Wednesday, 29 June 2011

Things That Can Happen On A Train

Writers do not hide themselves away in corners or secret rooms working on their novels and poems all the time. They sometimes go places. In fact, I’ve found that being a writer involves a lot of travel – and it’s not always possible to fly in my private jet, so I travel a lot on the train. I've had lots of train adventures.
Once, travelling from London Victoria to Brighton, as we approached the first stop, a lot of people stood up ready to get out. They got their coats on, hauled their bags down from the rack, shuffled about… but the train just kept on going.
Eventually the train pulled to a halt, but it had gone too far. The driver announced over the intercom that he was sorry he’d overshot the station but not to worry, he’d reverse back. We found out later that the train was being driven by a learner driver.
So the train started to go backwards. We were soon at the station again, but again the train didn’t stop.

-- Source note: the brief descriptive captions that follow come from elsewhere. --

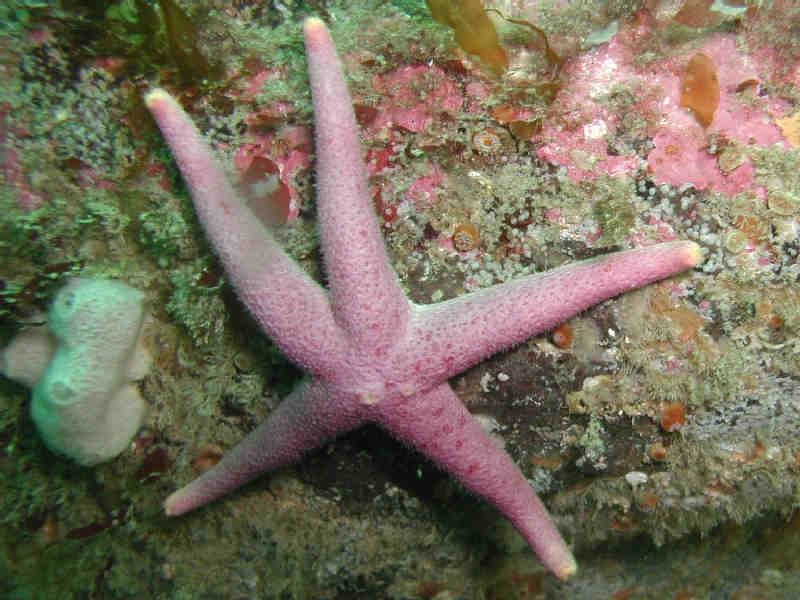 [henocu2]: <i>Henricia oculata</i>, the Bloody Henry starfish.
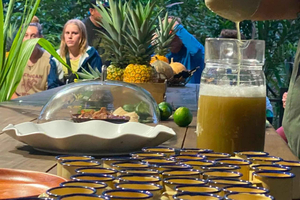 Bijagua Farm Tour: Coffee, Handmade Chocolate & Pineapple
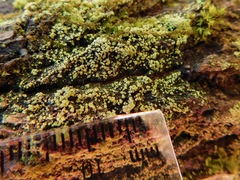 Chrysothrix granulosa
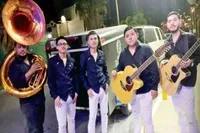 ۵ نوازنده یک گروه موسیقی در مسیر اجرای کنسرت به قتل رسیدند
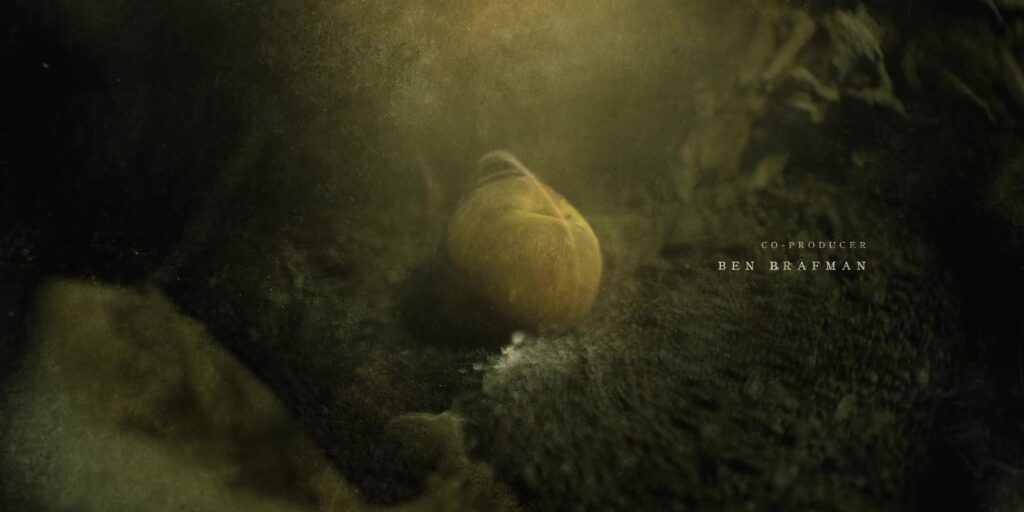 A seed in a yellow cloud.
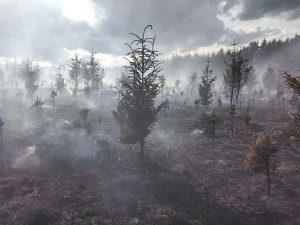 Hasiči bojovali až do večera s požárem lesa, ze vzduchu jim pomáhal Černý jestřáb shazováním vody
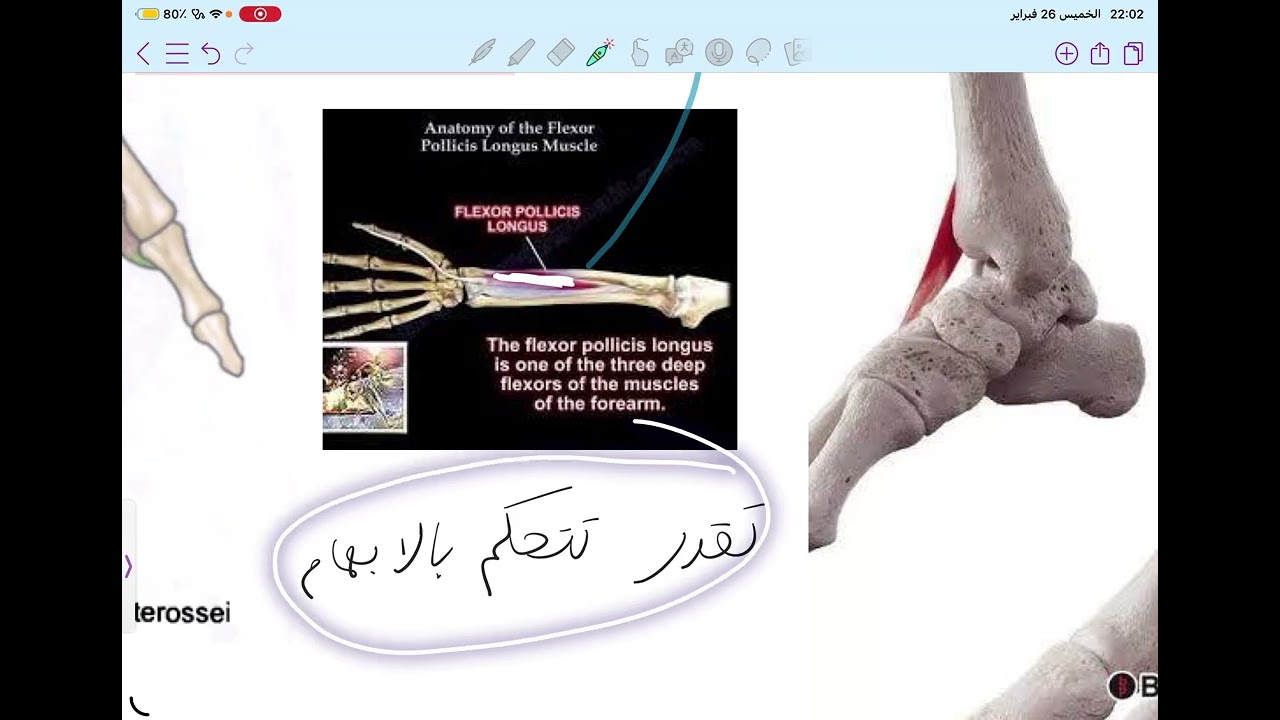 Muscular system 2 | PYD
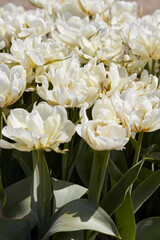Tulip Exotic Emperor white flowers texture background in spring sunlight - 752149562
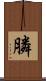 膦 Scroll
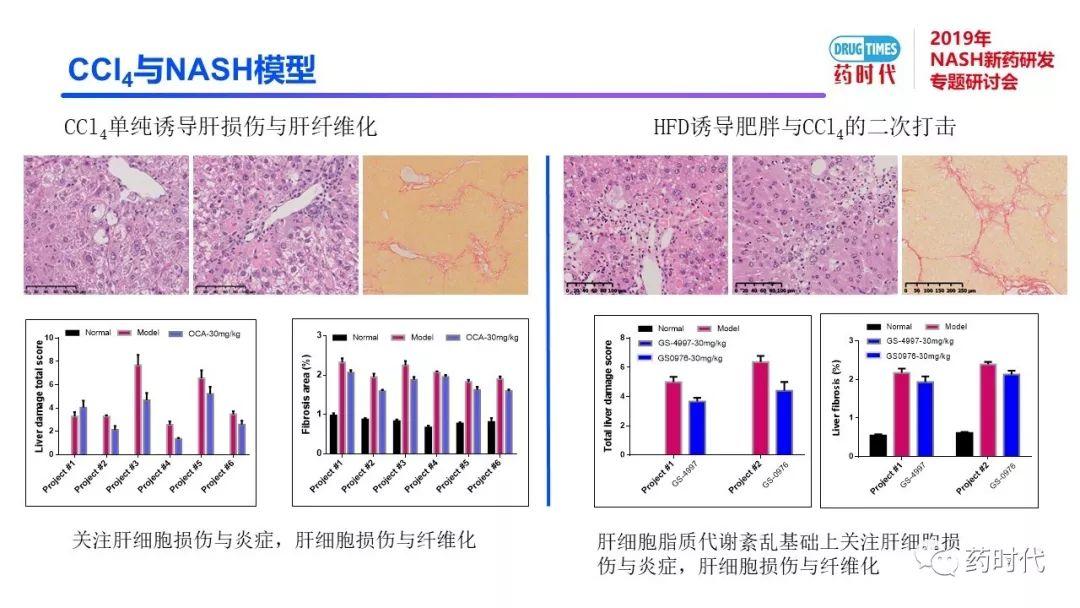 庄永傑博士 | NASH新药研发相关试验动物模型的分析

Instead it reversed, very slowly, straight past the playform. Eventually it stopped, the driver apologised again and we went forwards – and missed the station.
We went backwards and forwards for about half an hour until the driver got it right. When we finally came to a halt alongside the platform, all the passengers applauded and cheered.
The same thing happened at the next station, and the next. The journey took about three hours. It usually takes fifty minutes. But at each stop the learner train driver took fewer goes to get it right. By the time we reached Brighton, he had finally mastered the art of stopping a train in the right place. Which was just as well, as Brighton is at the end of the line. If the train had kept going there, it would have ended up in the ticket office.

Tuesday, 14 June 2011

The Process of the Process

by Sue Hardy-Dawson

When I was seven or eight I was friendly with a girl who lived a couple of houses down from ours. All of the gardens ended where the railway embankment began and so a few of us used to congregate there to play, build dens, things like that. It was rarer to actually be invited into a house to play back then or at least it seemed so to me. That’s why we dreaded the kind of rain that confined you to the house and the company, if you were unlucky enough to have them, of irritating younger brothers.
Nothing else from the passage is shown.